E la bambina rise

Di Marina Corradi
26 Febbraio 2004
Nel catalogo di una mostra da poco conclusa

Nel catalogo di una mostra da poco conclusa – “La creazione ansiosa”, da Picasso a Bacon, Verona, Palazzo Forti – ti imbatti in un’opera giovanile di Felice Casorati. “Le bambine” porta la data del 1906. Un gruppo di bambine, con le vesti ancora lunghe d’inizio secolo, in posa davanti al pittore, in un giardino. A dirlo, pare un soggetto del tutto lieto, banale. Ma quella compagnia di bambine, i loro sguardi, i loro sorrisi, sono gravidi di una domanda inquieta e non detta – sono gravidi di domanda e di mistero. Cadere dentro a un quadro. Restare a guardarlo per mezz’ora, sprofondarci dentro, sentire quasi l’odore di quel giardino. Doveva essere di primavera avanzata, forse di maggio, eppure non c’è una luce viva. Probabilmente era pomeriggio, magari in un convitto di suore – in cui si raccomanda alle ospiti di stare quiete. Le bambine sono bene educate. Sopportano la noia della posa con pazienza. Una ha il viso assorto, poggiato sulle mani, a fissare interrogativa il pittore. Una, di spalle, è esile come un uccello nel nido. Due bisbigliano fra loro. Una è bella come una Madonna. Soltanto una fra tutte guarda il ragazzo che le ritrae, e ride: ride lieta, fiduciosa, come chi s’aspetti un avvenire bellissimo. Ride, i capelli mori, le belle guance piene, coi suoi otto anni, nell’anno 1906.

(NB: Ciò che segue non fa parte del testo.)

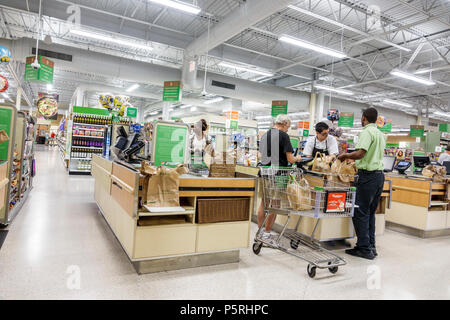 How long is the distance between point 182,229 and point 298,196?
125 centimetres

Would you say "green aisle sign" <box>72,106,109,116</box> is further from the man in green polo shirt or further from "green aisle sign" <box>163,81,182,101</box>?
the man in green polo shirt

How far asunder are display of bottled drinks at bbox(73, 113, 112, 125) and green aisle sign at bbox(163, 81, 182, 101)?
233cm

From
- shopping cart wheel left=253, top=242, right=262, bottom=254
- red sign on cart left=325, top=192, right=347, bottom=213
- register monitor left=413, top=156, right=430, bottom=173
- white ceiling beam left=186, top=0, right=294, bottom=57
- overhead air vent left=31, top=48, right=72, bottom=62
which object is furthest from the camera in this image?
overhead air vent left=31, top=48, right=72, bottom=62

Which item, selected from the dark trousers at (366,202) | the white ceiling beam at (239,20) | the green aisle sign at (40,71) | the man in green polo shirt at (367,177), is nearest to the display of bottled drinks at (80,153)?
the green aisle sign at (40,71)

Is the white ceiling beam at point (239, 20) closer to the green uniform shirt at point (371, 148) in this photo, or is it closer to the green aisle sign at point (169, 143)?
the green uniform shirt at point (371, 148)

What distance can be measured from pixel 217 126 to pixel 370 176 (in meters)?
10.1

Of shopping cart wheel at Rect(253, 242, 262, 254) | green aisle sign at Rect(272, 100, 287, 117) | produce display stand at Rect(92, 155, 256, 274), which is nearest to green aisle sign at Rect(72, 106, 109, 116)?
green aisle sign at Rect(272, 100, 287, 117)

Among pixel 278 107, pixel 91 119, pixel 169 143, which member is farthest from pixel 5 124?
pixel 278 107

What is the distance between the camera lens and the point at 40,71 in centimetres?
905

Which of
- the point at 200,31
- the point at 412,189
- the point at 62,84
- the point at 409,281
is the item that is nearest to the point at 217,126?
the point at 200,31

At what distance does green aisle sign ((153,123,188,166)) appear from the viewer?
416cm

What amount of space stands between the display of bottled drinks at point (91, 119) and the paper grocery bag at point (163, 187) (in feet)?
28.4

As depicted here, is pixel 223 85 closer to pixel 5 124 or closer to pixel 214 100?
pixel 214 100

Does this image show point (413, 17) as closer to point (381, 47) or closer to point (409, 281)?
point (381, 47) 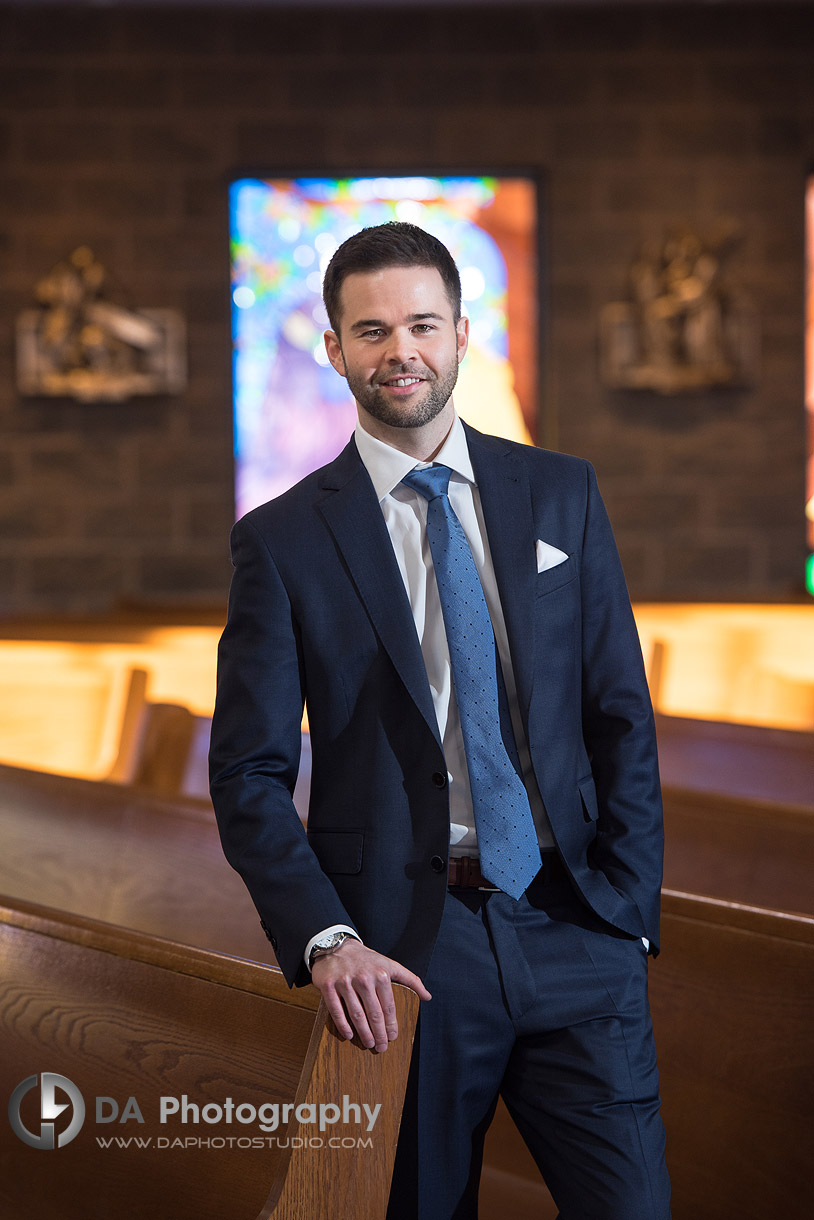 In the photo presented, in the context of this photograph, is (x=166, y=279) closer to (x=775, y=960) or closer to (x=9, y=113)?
(x=9, y=113)

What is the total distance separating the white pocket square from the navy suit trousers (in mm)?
370

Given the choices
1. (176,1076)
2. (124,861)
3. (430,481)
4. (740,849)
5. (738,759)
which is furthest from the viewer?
(738,759)

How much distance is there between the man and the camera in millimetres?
1307

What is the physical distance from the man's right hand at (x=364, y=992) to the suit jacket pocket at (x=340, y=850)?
0.13m

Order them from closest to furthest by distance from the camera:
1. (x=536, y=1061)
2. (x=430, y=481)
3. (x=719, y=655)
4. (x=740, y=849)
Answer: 1. (x=536, y=1061)
2. (x=430, y=481)
3. (x=740, y=849)
4. (x=719, y=655)

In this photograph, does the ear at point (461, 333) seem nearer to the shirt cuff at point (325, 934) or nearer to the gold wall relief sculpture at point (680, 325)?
the shirt cuff at point (325, 934)

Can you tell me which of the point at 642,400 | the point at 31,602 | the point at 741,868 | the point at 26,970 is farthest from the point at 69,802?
the point at 642,400

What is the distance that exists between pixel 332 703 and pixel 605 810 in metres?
0.33

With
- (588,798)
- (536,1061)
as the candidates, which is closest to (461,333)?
(588,798)

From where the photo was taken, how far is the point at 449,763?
1.38 metres

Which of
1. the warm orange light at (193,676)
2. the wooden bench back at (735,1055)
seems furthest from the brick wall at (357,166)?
the wooden bench back at (735,1055)

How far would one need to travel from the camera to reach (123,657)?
4.55 m

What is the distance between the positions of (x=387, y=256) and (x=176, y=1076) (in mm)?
1026

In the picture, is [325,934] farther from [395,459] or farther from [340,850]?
[395,459] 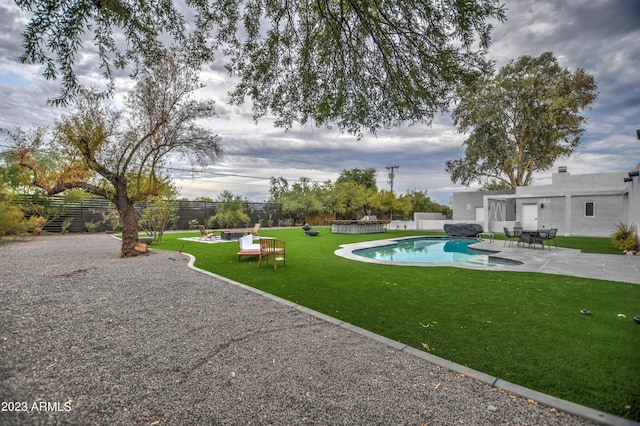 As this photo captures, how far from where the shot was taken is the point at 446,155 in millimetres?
28688

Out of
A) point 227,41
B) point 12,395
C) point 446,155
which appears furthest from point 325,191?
point 12,395

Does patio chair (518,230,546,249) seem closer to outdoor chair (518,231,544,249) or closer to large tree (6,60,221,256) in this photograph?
outdoor chair (518,231,544,249)

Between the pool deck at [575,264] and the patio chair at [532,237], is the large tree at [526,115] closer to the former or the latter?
the patio chair at [532,237]

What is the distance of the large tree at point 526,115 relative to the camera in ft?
68.6

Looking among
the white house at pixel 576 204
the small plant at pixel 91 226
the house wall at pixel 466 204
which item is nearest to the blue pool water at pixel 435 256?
the white house at pixel 576 204

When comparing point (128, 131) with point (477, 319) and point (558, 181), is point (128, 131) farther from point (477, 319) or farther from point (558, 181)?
point (558, 181)

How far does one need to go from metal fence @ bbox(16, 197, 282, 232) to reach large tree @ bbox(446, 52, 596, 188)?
59.8 ft

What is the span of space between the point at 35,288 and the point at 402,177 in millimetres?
35288

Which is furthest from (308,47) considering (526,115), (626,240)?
(526,115)

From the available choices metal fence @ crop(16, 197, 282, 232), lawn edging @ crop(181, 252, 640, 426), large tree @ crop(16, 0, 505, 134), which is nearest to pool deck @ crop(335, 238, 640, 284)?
large tree @ crop(16, 0, 505, 134)

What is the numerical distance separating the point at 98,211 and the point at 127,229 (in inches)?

Ed è lei il centro del mistero del quadro. Per noi che veniamo adesso, per noi che sappiamo. Le bambine di quel quadro erano nate attorno al 1900. Avrebbero visto i fratelli maggiori partire per il Piave e l’Isonzo, e spesso non tornare. Di poco cresciute, sarebbero diventate le madri dei Balilla, madri feconde, certo, ma a quale prezzo, vent’anni dopo. Madri di generazioni mangiate via dalla guerra. Non sapeva, non poteva immaginare, la bambina mora che rideva felice. E se mai una fra le sue compagne era ebrea, meno che mai poteva pensare la mostruosità e l’orrore che andava silenziosamente covando nel cuore dell’Europa. La bambina bruna non sa. In qualche modo invece un’oscura inquietudine compare nel dipinto; come un’ombra sul negativo, che nell’inquadrare invece non si era osservata. Cosa hanno letto gli occhi del giovane Casorati in quelli innocenti e assorti di un gruppo di bambine, nel silenzio di un pomeriggio in un giardino? è gonfio di una domanda il ritratto: verso dove? Verso quale destino?
E a noi che sappiamo cos’è stato il Novecento, si stringe il cuore. Chissà da quanto, e come, è morta la bambina bella che sorrideva. (Chissà però che, nel suo infantile non sapere nulla, non fosse invece lei, ad avere capito davvero).